Required action:
Each line that includes "iPhone" must be copied from the records.

Records excerpted from a collection:
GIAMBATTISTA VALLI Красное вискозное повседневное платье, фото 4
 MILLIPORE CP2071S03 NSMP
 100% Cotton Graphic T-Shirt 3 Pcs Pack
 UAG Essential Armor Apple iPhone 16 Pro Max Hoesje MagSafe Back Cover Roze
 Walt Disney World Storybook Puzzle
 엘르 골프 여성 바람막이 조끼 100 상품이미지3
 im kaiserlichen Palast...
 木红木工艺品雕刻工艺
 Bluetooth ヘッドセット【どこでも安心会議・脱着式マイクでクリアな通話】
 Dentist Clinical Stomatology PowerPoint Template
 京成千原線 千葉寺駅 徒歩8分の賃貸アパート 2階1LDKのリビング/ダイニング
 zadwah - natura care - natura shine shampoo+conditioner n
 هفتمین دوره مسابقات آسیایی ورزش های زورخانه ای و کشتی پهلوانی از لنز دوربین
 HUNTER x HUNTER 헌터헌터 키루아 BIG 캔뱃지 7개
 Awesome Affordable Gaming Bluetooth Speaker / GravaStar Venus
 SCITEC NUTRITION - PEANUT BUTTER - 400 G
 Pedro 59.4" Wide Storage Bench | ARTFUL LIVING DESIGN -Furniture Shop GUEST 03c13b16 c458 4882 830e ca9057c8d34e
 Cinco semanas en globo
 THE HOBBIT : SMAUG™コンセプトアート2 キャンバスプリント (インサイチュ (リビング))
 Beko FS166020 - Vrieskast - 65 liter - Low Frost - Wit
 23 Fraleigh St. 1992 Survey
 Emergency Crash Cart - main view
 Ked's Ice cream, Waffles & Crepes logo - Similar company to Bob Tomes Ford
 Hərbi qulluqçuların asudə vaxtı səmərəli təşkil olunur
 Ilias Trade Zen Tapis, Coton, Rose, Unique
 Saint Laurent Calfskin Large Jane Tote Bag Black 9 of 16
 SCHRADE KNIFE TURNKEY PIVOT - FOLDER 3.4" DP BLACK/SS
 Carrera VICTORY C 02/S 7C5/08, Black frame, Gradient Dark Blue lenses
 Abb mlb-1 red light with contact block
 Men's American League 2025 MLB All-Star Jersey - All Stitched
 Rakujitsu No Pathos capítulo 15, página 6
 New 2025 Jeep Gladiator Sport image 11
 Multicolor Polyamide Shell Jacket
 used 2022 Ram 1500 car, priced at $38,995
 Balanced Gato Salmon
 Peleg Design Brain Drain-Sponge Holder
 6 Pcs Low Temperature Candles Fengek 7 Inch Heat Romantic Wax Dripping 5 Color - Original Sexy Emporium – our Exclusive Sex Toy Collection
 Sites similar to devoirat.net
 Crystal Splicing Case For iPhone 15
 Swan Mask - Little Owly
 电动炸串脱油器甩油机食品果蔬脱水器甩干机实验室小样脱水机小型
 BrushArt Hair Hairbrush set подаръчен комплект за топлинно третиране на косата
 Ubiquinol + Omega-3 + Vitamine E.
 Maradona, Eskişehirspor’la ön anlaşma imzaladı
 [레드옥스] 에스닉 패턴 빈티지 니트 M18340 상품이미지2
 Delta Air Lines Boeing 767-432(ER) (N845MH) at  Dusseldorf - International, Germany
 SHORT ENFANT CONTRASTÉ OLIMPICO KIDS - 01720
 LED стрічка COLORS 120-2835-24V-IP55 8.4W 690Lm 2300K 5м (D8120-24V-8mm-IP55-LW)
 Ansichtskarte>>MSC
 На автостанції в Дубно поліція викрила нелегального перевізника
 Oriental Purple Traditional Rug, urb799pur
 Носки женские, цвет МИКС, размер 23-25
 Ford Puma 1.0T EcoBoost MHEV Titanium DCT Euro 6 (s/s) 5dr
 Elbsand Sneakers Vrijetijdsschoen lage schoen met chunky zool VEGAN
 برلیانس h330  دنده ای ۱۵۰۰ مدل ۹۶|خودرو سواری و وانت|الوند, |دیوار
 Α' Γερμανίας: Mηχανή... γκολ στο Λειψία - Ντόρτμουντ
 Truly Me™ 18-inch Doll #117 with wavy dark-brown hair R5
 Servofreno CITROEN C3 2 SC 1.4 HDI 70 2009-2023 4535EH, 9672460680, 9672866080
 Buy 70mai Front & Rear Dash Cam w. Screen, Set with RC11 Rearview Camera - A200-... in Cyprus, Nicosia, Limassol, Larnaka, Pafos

Task answer:
 UAG Essential Armor Apple iPhone 16 Pro Max Hoesje MagSafe Back Cover Roze
 Crystal Splicing Case For iPhone 15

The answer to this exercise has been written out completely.